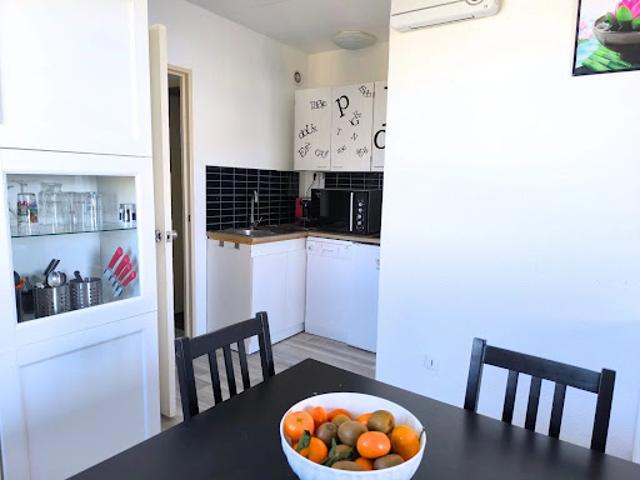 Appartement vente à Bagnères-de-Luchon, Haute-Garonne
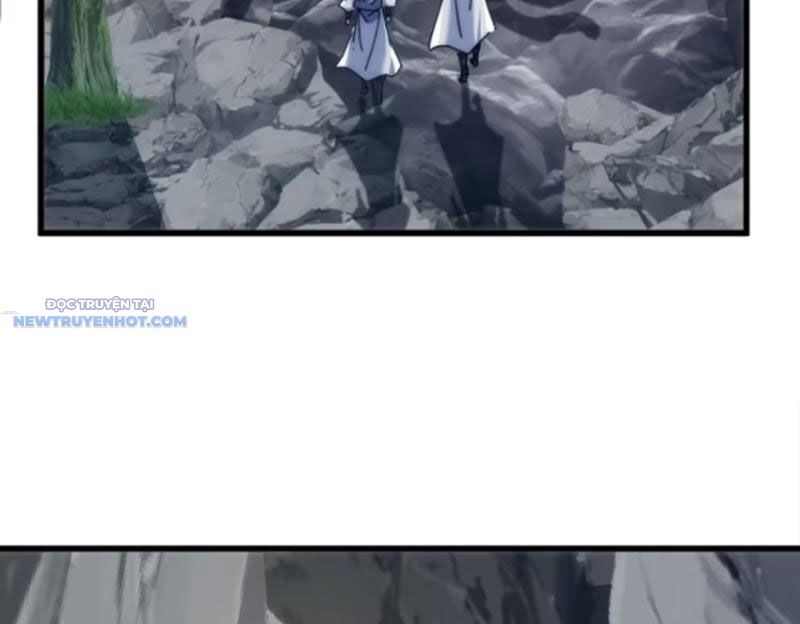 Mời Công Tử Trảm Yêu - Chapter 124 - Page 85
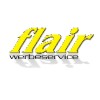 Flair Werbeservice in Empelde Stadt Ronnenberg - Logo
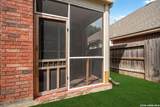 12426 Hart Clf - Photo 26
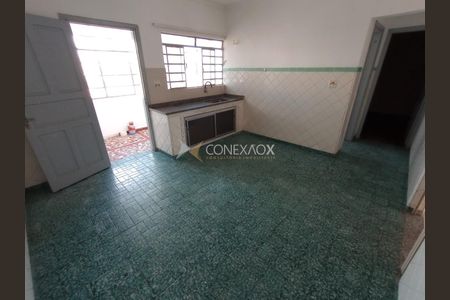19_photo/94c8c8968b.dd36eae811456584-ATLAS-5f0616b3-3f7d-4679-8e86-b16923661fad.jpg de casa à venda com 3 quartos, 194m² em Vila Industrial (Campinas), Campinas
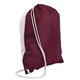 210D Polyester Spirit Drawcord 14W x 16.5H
──────
TRY IT:
The listing above is to be retyped word for word, with the pictures omitted.

WORKED SOLUTION:
 Appartement vente à Bagnères-de-Luchon, Haute-Garonne
 Mời Công Tử Trảm Yêu - Chapter 124 - Page 85
 Flair Werbeservice in Empelde Stadt Ronnenberg - Logo
 12426 Hart Clf - Photo 26
19_photo/94c8c8968b.dd36eae811456584-ATLAS-5f0616b3-3f7d-4679-8e86-b16923661fad.jpg de casa à venda com 3 quartos, 194m² em Vila Industrial (Campinas), Campinas
 210D Polyester Spirit Drawcord 14W x 16.5H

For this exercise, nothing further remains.